There’s one big difference, however, between what happened to fascism and what transpired with Nazism. In Germany devoted Nazis were ejected from their former jobs and tried (and sometimes executed) at Nuremberg thus purging the defeated nation of National Socialist believers. In Italy an attempt was made through the policy of ‘epurazione’ to do the same but without much success for only a fraction of Mussolini’s acolytes were removed from the offices they held. Why this? Because if they had been fired from their jobs and perhaps even fired at against the execution wall the nation’s government would have collapsed completely. The disciples may have worked for a fascist regime but they still kept the nation going. Thus many of Benito’s ex-grandees continued to influence Italian politics long after the monarchy had been expelled in the 1946 referendum creating a problem which Italy still has had to face particularly during the infamous ‘anni di piombo’ (years of lead).
Clearly, fascist doctrine has metamorphosed into a new neo-fascist formula. For women the voting booth has been added to that sacred trilogy, the kitchen, the family and the church. Purity of race (which only entered into fascist ideology with the obnoxious racial laws of 1938) has been replaced by the proposal to blockade ports exporting Africans and Asians to Italy’s overcrowded immigrant asylums. Other factors like jobs for the boys and (now particularly) for the girls are emphasised together with a plea and encouragement for Italians to produce not only brilliant wines and cheeses but also more bambini: Italy has a negative population growth at present. At least the ‘Fratelli’ will no longer be brothers with the Russian bear.
The relationship with the EU has been somewhat tempered and Giorgia Meloni’s former Euroscepticism has largely disappeared especially when she has taken stock of the disastrous situation Brexit has plunged the UK in with a pound sterling value now at the lowest it’s been since decimalisation fifty years ago.
What the single mother without a university education and with a clarion-like voice from a working-class Rome suburb has done above all is to re-establish pride into many Italians in being Italians and given the suffering peninsula a boost of hope.

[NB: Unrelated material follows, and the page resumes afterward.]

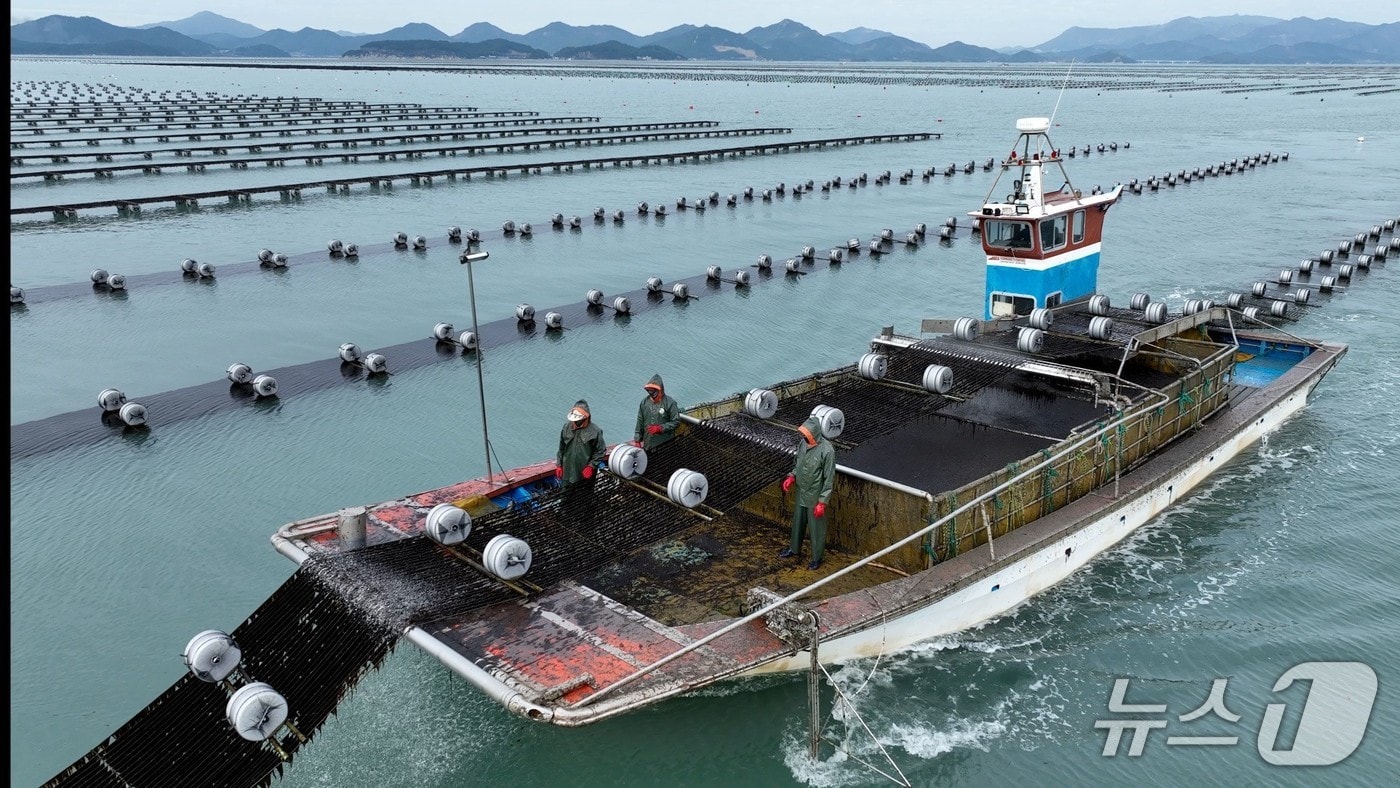 김 양식 모습.(전남도 제공. 재판매 및 DB금지) 2026.1.24/뉴스1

What’s in it for today’s British residents in Italy? One thing is certain: under proposed changes they cease being that genteel term ‘ex-pat’ and become what they really are: immigrants. Furthermore, those brits who are on the way to becoming Italian citizens (and maybe even obtaining an Italian passport to avoid the so-called ‘leper queues’ at Italian airports) may find their citizenship path a little rockier including a toughened-up language test which for many monoglot brits may be a bit harsh to take.
Naturally, many will say (like every one of the seventy- odd governments the Italian nation has had imposed on it since the Republic’s formation in 1946) that Meloni’s premiership won’t last very long. However it is a revolutionary step in this politically martyred country for a woman to be at the nation’s helm (President Mattarella willing, of course) and that Italy has in some way reconnected itself with an inter-war period which many of the old guard still find inspiring. Incidentally, am I alone in suggesting that the majority of women prime ministers seem to come from right-wing parties? (Just thinking of the UK…). I wonder why?
With regard to endings of previous governments, regimes, lives (and lies?) last night I attended a very competent performance of Mozart’s farewell to the world: his immortal Requiem, a work infused with arcane mysteries ranging from Sussmayer through Salieri to Pushkin and the Milos Forman film.
The concert took place in the Santa Maria dei Servi church within Lucca’s walls and was very well attended. It was the first autumn concert presented by the Animando music association. The Requiem was conducted by Bulgarian Grigor Palikarov, director of Sofia’s national opera and ballet composer and performers were the ‘Nuove Assonanze’ orchestra and the Montughi Choir directed by Enrico Rotoli. The soloists were Spanish soprano Eulalia Ara, mezzo-soprano Isabella Messinese, tenor Mentore Siesto and bass Alessandro Ceccarini. Despite the fact that not all parts of the Requiem were written by Mozart, it is possible to recognize all the characteristics of his style: in particular the dramatic intensity he achieved in his mature works. I was particularly moved by the Lachrymosa section which our local choir at Bagni di Lucca has performed but the whole work inspires despite the fact that it does make all think very hard about the final objective of life!








Let us hope that the new Italian government may similarly help us to concentrate our minds!